The makers of Explodemon!, Curve Studios, developed a creative WiiWare game called Fluidity where you control water. Nintendo picked up the concept during a Game Developer’s Conference meeting and we have Jonathan Biddle, Design Director on Fluidity, here to tell us the story.
My name is Jonathan Biddle, but most people call me Bidds. I’m the design director at Curve and therefore responsible for all of our game design. Additionally, I was the game director of Fluidity, a role which saw me looking after the overall vision of the game while liaising with our producers at Nintendo on all creative aspects.
How did Curve Studios get in touch with Nintendo?
Jonathan Biddle, Design Director: We met up with Nintendo at GDC in 2008. By the time we met them, the people who would become our eventual producers, Masa Miyazaki and Azusa Tajima, had been at GDC all week being pitched game ideas relentlessly. We were one of their last meetings on the last day, so they were pretty tired by then! I think we made them laugh a little and they liked our Fluidity concept, so I think we stood out a bit. They got back in touch soon after telling us that they’d like to pursue Fluidity further.
Why did you want to make a game where water is the main "character"?
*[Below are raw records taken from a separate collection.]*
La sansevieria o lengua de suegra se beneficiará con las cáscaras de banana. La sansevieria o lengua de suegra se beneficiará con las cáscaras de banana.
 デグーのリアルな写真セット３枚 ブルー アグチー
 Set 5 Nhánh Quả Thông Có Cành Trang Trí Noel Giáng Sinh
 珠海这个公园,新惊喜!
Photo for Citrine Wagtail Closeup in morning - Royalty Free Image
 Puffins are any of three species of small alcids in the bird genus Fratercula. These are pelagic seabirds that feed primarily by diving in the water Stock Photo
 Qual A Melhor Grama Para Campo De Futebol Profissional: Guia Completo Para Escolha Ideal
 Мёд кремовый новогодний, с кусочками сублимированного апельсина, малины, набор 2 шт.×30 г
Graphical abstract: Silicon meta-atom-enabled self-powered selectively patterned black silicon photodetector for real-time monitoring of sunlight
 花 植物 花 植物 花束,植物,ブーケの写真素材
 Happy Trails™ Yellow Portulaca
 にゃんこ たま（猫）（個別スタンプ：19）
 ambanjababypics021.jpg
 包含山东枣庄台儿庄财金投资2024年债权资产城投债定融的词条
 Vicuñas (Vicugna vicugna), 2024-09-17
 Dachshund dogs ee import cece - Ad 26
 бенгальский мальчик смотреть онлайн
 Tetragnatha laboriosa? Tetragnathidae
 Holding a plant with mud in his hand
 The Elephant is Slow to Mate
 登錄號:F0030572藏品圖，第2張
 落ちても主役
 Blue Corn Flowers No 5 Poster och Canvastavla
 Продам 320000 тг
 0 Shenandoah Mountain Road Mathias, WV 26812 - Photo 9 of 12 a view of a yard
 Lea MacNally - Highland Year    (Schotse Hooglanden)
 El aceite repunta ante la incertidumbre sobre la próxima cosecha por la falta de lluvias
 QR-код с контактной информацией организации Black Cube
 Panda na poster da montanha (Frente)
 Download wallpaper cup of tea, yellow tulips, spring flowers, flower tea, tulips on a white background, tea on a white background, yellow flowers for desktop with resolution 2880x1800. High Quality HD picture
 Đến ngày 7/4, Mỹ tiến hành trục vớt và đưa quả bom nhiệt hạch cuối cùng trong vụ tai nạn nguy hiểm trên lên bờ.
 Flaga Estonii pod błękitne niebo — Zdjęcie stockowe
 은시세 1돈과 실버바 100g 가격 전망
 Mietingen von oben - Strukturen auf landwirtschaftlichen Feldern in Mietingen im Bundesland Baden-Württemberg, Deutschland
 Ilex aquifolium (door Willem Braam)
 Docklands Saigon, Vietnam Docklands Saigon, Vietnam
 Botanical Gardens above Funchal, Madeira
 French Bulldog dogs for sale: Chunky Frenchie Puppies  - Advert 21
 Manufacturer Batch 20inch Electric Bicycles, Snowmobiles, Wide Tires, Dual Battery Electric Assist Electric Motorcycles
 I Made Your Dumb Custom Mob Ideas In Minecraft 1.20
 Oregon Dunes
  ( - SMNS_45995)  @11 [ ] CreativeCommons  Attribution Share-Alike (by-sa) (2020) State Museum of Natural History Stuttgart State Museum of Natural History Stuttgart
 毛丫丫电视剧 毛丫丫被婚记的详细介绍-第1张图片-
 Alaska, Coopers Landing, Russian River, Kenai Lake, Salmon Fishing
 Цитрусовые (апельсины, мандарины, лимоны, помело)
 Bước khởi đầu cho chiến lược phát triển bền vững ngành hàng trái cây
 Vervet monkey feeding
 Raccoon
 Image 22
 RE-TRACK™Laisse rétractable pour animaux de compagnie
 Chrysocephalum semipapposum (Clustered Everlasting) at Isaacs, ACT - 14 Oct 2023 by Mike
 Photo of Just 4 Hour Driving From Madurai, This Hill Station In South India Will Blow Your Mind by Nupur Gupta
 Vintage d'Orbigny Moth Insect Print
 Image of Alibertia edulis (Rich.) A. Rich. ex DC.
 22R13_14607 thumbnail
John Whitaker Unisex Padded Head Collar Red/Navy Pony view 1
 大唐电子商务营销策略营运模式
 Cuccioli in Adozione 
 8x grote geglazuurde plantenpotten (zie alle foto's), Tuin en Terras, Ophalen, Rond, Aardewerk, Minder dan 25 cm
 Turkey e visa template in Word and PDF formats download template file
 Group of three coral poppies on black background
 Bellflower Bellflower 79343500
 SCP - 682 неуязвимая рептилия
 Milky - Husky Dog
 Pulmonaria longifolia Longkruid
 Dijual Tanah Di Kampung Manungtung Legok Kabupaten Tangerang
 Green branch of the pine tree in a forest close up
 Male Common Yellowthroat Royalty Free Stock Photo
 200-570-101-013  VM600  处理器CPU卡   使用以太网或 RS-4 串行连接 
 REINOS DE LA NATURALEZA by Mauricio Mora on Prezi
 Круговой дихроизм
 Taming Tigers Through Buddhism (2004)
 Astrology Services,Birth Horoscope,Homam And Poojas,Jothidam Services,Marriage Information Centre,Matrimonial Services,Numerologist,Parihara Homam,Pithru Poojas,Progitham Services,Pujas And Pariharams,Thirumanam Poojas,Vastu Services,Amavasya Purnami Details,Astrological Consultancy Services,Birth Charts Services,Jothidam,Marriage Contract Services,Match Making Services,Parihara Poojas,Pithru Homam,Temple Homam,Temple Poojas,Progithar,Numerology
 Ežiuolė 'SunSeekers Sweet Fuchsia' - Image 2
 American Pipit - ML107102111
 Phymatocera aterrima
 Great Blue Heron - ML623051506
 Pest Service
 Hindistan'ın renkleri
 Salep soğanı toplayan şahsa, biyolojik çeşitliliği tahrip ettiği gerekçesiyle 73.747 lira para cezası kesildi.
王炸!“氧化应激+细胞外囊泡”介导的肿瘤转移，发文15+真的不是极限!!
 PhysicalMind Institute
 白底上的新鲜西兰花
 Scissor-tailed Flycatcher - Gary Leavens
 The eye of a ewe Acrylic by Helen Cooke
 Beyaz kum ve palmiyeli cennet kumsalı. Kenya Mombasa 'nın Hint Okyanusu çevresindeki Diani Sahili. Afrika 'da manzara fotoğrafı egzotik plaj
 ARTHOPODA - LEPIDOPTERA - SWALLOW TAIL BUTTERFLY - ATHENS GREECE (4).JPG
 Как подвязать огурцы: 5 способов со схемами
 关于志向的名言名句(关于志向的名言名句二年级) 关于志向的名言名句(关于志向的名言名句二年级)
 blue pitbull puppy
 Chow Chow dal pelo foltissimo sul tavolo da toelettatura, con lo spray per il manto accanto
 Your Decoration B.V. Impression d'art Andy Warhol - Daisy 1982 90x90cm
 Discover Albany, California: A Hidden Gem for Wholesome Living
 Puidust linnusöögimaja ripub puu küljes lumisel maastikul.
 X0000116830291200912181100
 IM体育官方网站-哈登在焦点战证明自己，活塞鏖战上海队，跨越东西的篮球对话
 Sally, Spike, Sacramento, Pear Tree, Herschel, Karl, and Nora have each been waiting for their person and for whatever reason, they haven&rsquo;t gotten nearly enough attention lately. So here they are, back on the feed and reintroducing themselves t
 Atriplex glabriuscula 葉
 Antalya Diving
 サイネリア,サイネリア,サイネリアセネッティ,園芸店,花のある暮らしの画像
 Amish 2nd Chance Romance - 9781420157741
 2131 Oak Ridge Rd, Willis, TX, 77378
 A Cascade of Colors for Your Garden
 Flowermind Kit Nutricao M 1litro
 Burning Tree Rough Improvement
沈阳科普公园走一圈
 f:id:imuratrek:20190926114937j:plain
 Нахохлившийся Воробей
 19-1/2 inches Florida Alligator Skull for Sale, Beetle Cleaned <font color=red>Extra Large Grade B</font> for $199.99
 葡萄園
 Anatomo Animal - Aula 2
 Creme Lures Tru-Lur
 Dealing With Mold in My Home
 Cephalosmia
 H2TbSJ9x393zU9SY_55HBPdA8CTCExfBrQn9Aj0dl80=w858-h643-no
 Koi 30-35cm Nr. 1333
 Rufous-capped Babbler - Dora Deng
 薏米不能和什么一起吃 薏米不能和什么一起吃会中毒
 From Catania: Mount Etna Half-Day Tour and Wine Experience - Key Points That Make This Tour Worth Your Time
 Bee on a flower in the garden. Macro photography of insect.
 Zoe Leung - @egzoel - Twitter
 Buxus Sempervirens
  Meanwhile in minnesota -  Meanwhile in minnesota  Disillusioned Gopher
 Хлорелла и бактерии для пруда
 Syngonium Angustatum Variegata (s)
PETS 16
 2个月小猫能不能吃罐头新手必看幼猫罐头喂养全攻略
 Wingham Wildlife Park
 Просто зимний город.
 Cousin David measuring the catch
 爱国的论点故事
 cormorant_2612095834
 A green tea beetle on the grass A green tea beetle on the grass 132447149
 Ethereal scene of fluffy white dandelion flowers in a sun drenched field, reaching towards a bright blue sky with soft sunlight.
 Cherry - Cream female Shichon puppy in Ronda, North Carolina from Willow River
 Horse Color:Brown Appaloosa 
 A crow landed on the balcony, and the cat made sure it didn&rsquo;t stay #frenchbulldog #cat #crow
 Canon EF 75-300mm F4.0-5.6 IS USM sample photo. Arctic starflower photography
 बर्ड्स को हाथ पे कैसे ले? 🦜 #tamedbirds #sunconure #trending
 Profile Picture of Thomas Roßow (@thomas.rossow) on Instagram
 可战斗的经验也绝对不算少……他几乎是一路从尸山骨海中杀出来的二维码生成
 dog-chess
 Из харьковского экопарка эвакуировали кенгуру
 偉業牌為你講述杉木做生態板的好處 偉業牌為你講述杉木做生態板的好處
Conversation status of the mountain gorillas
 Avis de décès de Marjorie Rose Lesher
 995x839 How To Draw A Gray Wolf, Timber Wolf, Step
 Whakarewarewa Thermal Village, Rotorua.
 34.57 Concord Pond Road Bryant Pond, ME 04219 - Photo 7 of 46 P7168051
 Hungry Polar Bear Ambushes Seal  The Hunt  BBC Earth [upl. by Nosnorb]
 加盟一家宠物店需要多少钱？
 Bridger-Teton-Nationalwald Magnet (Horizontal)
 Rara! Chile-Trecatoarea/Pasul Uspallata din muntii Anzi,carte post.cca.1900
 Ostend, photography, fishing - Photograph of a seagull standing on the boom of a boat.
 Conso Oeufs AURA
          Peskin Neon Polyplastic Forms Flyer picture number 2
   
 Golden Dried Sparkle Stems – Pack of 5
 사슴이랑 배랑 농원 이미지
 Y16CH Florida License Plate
Well, water is something that is absolutely universal. It has lots of positive connotations, we drink it, wash in it, swim in it, and it is strongly linked with life and the planet. No one thinks water is a bad thing! We all also know from our science classes how water works. If you freeze it, it becomes ice, if you boil it, it becomes steam. We see ice outside when it snows, and steam when we boil a kettle. It’s a completely everyday thing.
When we first saw the Wii Remote we were struck by the possibilities that the new interface offered. We’d had this concept for a water game before, but now that we’d seen this most intuitive of controllers, we felt that the two matched perfectly. Everyone has poured water from one container to another at some point in their life. We knew that the Wii Remote would allow us to take that innate knowledge of how water works and create an invisible interface that wouldn’t ever need to be explained. This was in 2006, when we first created the Fluidity concept.
What kind of powers can the pool of water acquire during the game and were there any you wanted to add, but couldn’t due to time?
The water can be in any of three different states, water, ice or steam. You change the state of your water at set points in the map by freezing or boiling it. Each state has different attributes; water can carry things, flow through gaps, put out fires; the ice has lots of inertia and is great for smashing things, weighing switches down and for climbing; the steam cloud lets you fly freely and rain down as water whenever you choose.
Every state has its special powers too. For example, the water can be pulled together on a button press and exploded out to move things; the ice can stick to surfaces, allowing you to climb up; the cloud can blow wind or strike with lightning! These different abilities and how they integrate with the puzzles in the game have allowed us to create a very broad and varied game experience.
Let’s talk about level design. How did you plan stages and decide where to hide puzzle pieces?
For a while, the game featured A to B levels that didn’t have any choice of route. The idea was to solve the puzzle without losing too much water and move onto the next section. During the later stages of development we decided that we needed to rework this element to give the player more choice. This was when we moved towards a more Metroid-like level design structure. To do this, we took the puzzle sections of our A to B levels and placed them around a larger map.
We created hub areas and routes off the hubs that lead to the puzzle areas as the player explored. We wanted the world to open up as you gained more abilities and solved more puzzles, so we sealed sections behind doors that would open as you collected Rainbow Drops, or behind physics puzzles that required particular abilities that you might not yet have. By exploring and trying out things, the game slowly opens itself up to you. As the levels got more and more complete we found these little nooks and crannies where we could hide the secrets. We especially tried to hide them in areas only accessible to certain states, and often states that you might not expect to be using in those areas!
Physics appear to play an important role in Fluidity. How did you fine tune the game, especially for the liquid form where a stream of water can break into multiple pieces?
The game is built on a solid physics system, with all elements of the game interacting with each other in a believable and predictable way. We developed this as we progressed, slowly adding new capabilities to the engine as we came up with new ideas. Working this way we never outstretched the engine’s capabilities, and the game always ran at a smooth 60FPS.
Working with water as a main character was certainly not without its headaches though. With most games, players control a character that is only in one place at once, but with water, the player controls hundreds of little particles that can be spread all over the level at any one time! For example, the player can have a pool of water at a switch at the same time that a different pool can be in trigger area that closes a door. It was a really complicated problem to solve but we feel that we managed to sort most of the issues.
Now that Fluidity is finished, what other kind of game would Curve Studios like to create with tilt control? Another platformer? Shooter? Quiz game?
I don’t think the idea of applying tilt control to another game is something we’d really consider unless it was right for that particular game. We like to approach each game separately and create the best control system we can for that title. In the case of Fluidity, the intuitive interface that resulted when we combined a tilting Wii Remote with flowing water was exactly right for that title.